== Segment start ==
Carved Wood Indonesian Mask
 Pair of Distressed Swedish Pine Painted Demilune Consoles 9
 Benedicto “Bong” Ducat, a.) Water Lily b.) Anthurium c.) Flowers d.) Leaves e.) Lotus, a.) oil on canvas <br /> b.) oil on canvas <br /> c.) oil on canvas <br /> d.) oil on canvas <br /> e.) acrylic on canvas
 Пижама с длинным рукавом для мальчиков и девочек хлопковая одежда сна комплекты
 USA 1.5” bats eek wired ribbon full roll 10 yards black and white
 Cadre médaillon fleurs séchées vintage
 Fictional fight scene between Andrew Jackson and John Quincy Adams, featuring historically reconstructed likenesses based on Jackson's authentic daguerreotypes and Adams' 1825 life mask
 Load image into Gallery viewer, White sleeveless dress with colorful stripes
== Segment end ==
- **What the task requires**
Keeping each word as it stands, transcribe every entry.

- **Response box**
Carved Wood Indonesian Mask
 Pair of Distressed Swedish Pine Painted Demilune Consoles 9
 Benedicto “Bong” Ducat, a.) Water Lily b.) Anthurium c.) Flowers d.) Leaves e.) Lotus, a.) oil on canvas <br /> b.) oil on canvas <br /> c.) oil on canvas <br /> d.) oil on canvas <br /> e.) acrylic on canvas
 Пижама с длинным рукавом для мальчиков и девочек хлопковая одежда сна комплекты
 USA 1.5” bats eek wired ribbon full roll 10 yards black and white
 Cadre médaillon fleurs séchées vintage
 Fictional fight scene between Andrew Jackson and John Quincy Adams, featuring historically reconstructed likenesses based on Jackson's authentic daguerreotypes and Adams' 1825 life mask
 Load image into Gallery viewer, White sleeveless dress with colorful stripes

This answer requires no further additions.